Palm oil futures recorded their lowest close in nearly eight months after Malaysia's inventories were revealed to have grown faster than had been thought, with slow exports so far this month boding ill for an erosion in stocks.
Palm oil futures for August closed down 1.6% at 2,385 ringgit a tonne in Kuala Lumpur, their 12th lower close in 13 sessions, and the weakest finish since mid-October.
The decline followed the release by the Malaysian Palm Oil Board of data showing that Malaysia's palm oil inventories rose 4.2% last month to hit 1.84m tonnes, higher than the 1.81m tonnes that investors had forecast.
The data actually showed production growing, at 6.5% month on month, more slowly than investors had expected during a seasonally improving period for output, with the production rise forecast at 7.1%.
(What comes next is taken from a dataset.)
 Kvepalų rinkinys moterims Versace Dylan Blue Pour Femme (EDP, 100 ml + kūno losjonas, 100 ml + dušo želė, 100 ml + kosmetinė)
And exports grew more strongly than forecast, at 10.7%, above the 8.0% expected.
However, the raised inventories implied that Malaysia's domestic consumption of the vegetable oil appears to have fallen some 9%, defying expectations of an increase thanks largely to the country's raised targets for blending biodiesel, based on vegetable oils, into forecourt fuel.
"For the first month this year, Malaysian domestic consumption of palm oil has decreased month on month," said Edward Hugo, analyst at London broker VSA Capital.
As an extra setback to prices, data released separately from cargo surveyor Intertek showed shipments declining 0.3% so far in June, compared with the same period of May, extending ideas of a slowdown which set in during the second half of last month.
"In recent weeks, palm oil pricing has been weak and this data provides nothing to improve the immediate sentiment," Mr Hugo said, if adding that firm oil prices, via the link through biofuels, "should provide some support at these levels over the coming month".
Many investors are also looking at the prospect of an El Nino weather pattern, linked to drier weather in palm oil's South East Asian heartland, giving support for prices later in 2014.